Прошло несколько лет. Не было об Алешке ни слуху, ни духу. Однажды чекист поздно вечером ехал на автомобиле домой. На углу он увидел сердитую толпу. Поймали вора. Вора хотели бить. Вот кто-то уже замахнулся… Чекист соскочил с машины и удержал поднятую руку:

– Не сметь бить!

– Эх, строгий человек, а вора проучить не даст!

– Мы учим по-другому, – строго сказал чекист. – Идемте, гражданин, со мной.

И он повел вора за собою. А толпа шумела, и вор дрожал.

– Пустите меня, – сказал вор, – я молодой парень. Я больше не буду.

Чекист взглянул на него, и они узнали друг друга.

– Так, – сказал чекист, – вот и встретил земляка. Эх, друг Алексей, вот ты какой стал! Плохие твои дела.

– Ну и пусть, – сказал Алешка.

– Зачем ты убежал тогда? Пришел бы ко мне, я бы тебя послал учиться в коммуну. Погляди, где твои товарищи. Был Серега-вор, а сейчас инженер Сергей. Был Павлик-жулик, а стал Павел-летчик. Был Николка-нищий, а теперь Николай-артист. Был Васюк-драчун, а стал доктор Василий Иванович. А ты, Алешка-Рязань, теперь – вор Алексей.

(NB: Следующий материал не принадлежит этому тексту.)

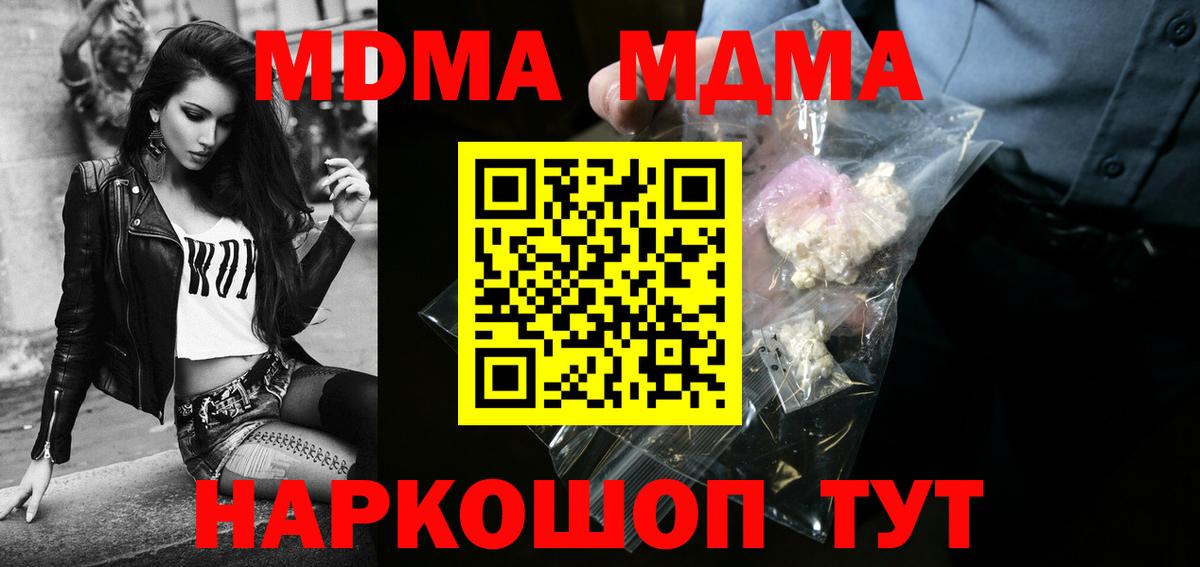 MDMA VHQ Касимов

– Ну и что ж, – сказал Алешка, – я у буржуев воровал.

– Буржуев у нас нет. Ты своих грабил. Ты у своей страны крал. И вспоминать противно.

Так сказал чекист. И Алешка ничего не ответил. А чекист привез его в дом ГПУ. Чекист привел его в свой кабинет. Большая карта висела в кабинете чекиста. На карте было два моря, и между морями была гора – полуостров.

– Вот, – сказал чекист, – поедешь ты, Алексей, на Медвежью гору, моря пропружать. Это тебе не кисель, это дело серьезное. Настоящие плотины будешь строить, настоящий канал будешь рыть, чтобы наши пароходы прямой дорогой плыли из одного моря в другое, а то им сейчас далеко кругом ходить надо.

– Ну и пусть, – пробурчал Алешка. – Все равно убегу!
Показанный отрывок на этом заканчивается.